+++ GIVEN DATA

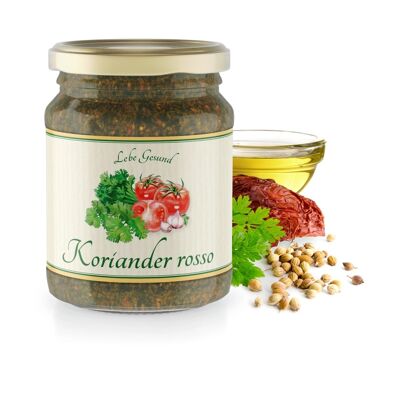 Koriander-Pesto rosso – vegan, 125ml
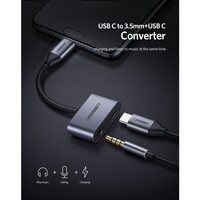 Adapter UGREEN USB-C na 3,5mm + USB-C Hub, kutija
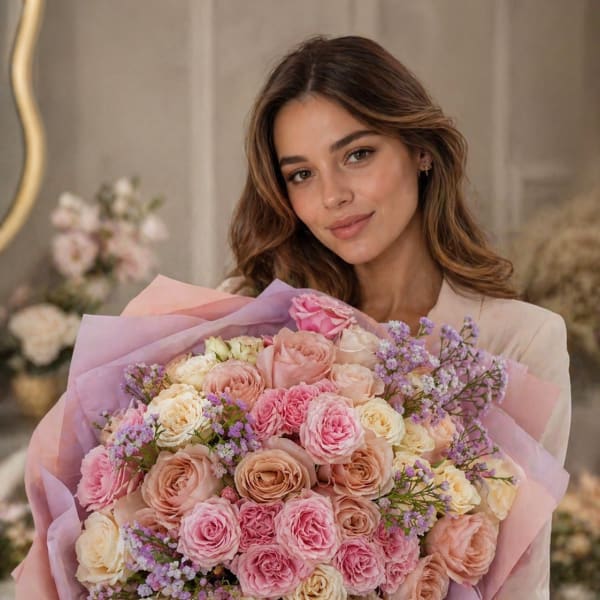 Blush Rose Luxury Bouquet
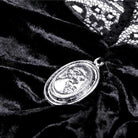 Darkinlove Women's Goth Off Shoulder Floral Lace Sleeve Velet Tops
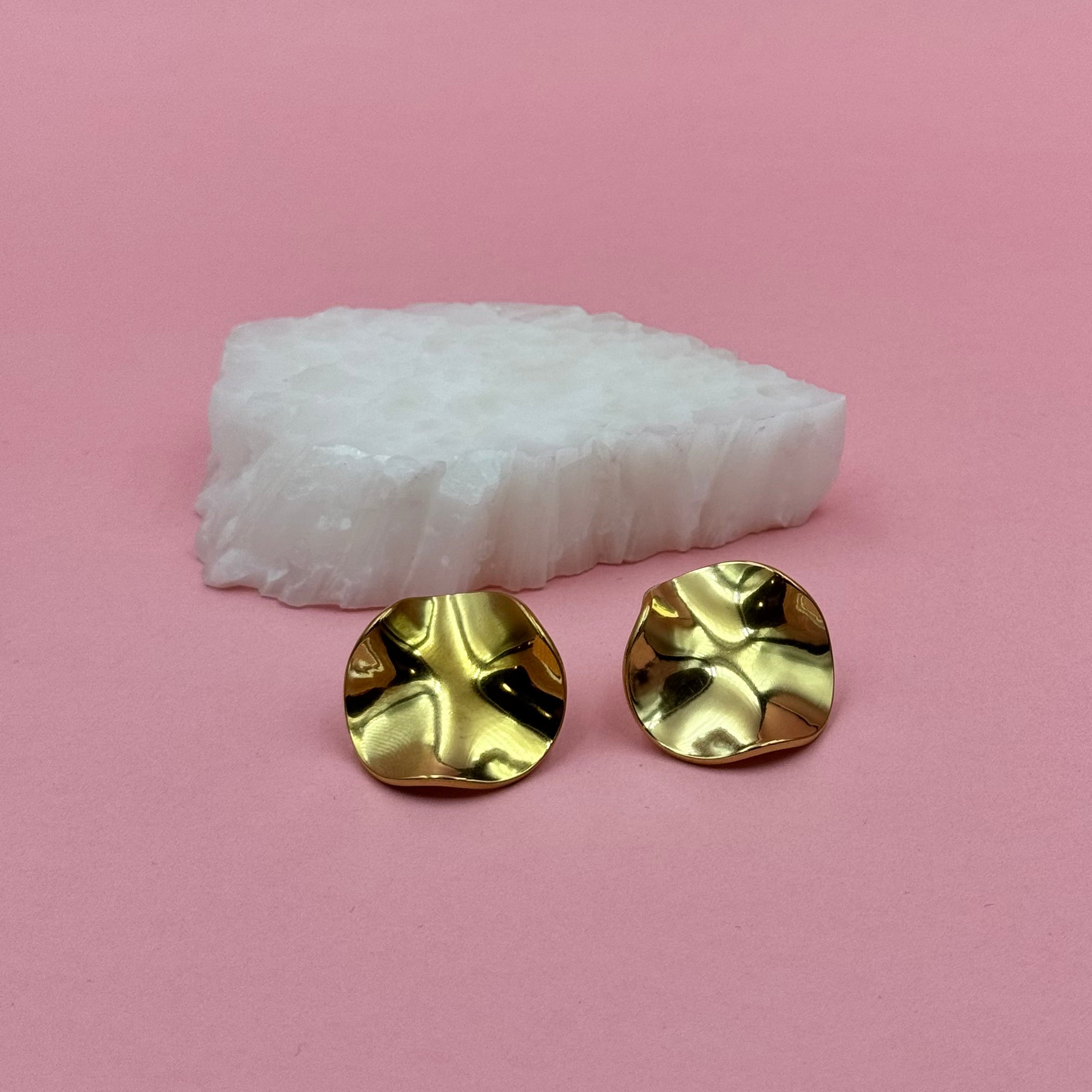 Romilly gold earrings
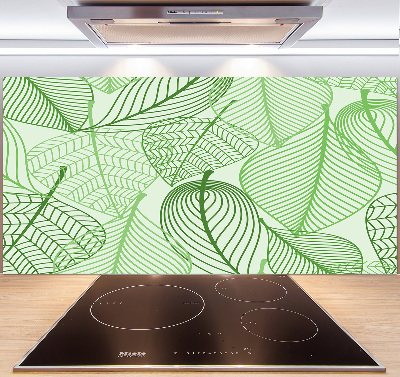 Kitchen splashback Pattern leaves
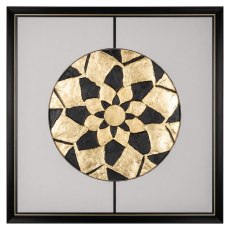 Sun Wall Art Black/Gold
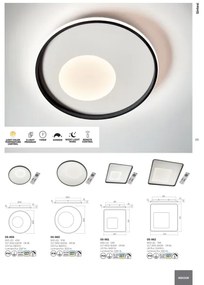 Plafonieră LED dimabilă Redo 05-959 SINTESI LED/45W/230V 3000-6000K + telecomandă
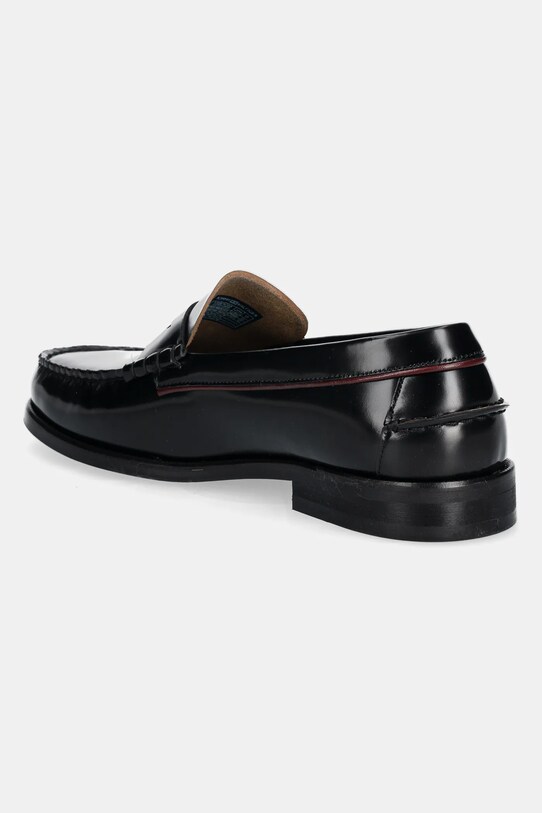 Παπούτσια Δερμάτινα μοκασίνια Tommy Hilfiger CLASSIC HILFIGER LEATHER LOAFER FM0FM05362 μαύρο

++++++

▸ **REQUIRED ACTION**: Print the records above again exactly. Leave out the images.

▸ **SOLUTION TO THE EXERCISE**:
 Koriander-Pesto rosso – vegan, 125ml
 Adapter UGREEN USB-C na 3,5mm + USB-C Hub, kutija
 Blush Rose Luxury Bouquet
 Darkinlove Women's Goth Off Shoulder Floral Lace Sleeve Velet Tops
 Romilly gold earrings
 Kitchen splashback Pattern leaves
 Sun Wall Art Black/Gold
 Plafonieră LED dimabilă Redo 05-959 SINTESI LED/45W/230V 3000-6000K + telecomandă
 Παπούτσια Δερμάτινα μοκασίνια Tommy Hilfiger CLASSIC HILFIGER LEATHER LOAFER FM0FM05362 μαύρο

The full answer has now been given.